Which should the nursing mentor include in an explanation to nursing students about the various roles of the large intestine?

The large intestine is shorter than the small intestine. The large intestine has a role in the elimination function. The large intestine can develop hemorrhoids. The large intestine is larger in diameter than the small intestine, but it is shorter. It is the primary organ for bowel elimination and fluid absorption. Each fold of the rectal part of the large intestine has blood vessels that become distended from pressure during straining, which results in hemorrhoid formation.

A nurse is caring for a patient with Crohn's disease who has developed chronic severe diarrhea.
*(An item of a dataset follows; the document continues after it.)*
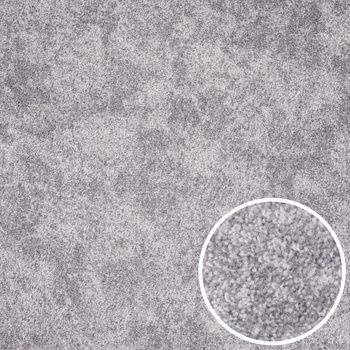 ITC Serenade 915 šedá metráž 4 m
Which medication does the nurse anticipate will help manage the patient's diarrhea?

Tincture of opium Rationale Tincture of opium is an antidiarrheal drug that is used to manage chronic severe diarrhea in patients with diseases such as Crohn's disease, ulcerative colitis, and acquired immunodeficiency syndrome.

The nurse is caring for a patient admitted with diarrhea. What could be the possible causes of diarrhea in the patient?

Use of antibiotics Food allergies Prolonged stress Rationale Use of antibiotics may cause diarrhea by disrupting the normal flora of the intestine. Food allergies and prolonged stress cause increased peristalsis, resulting in diarrhea.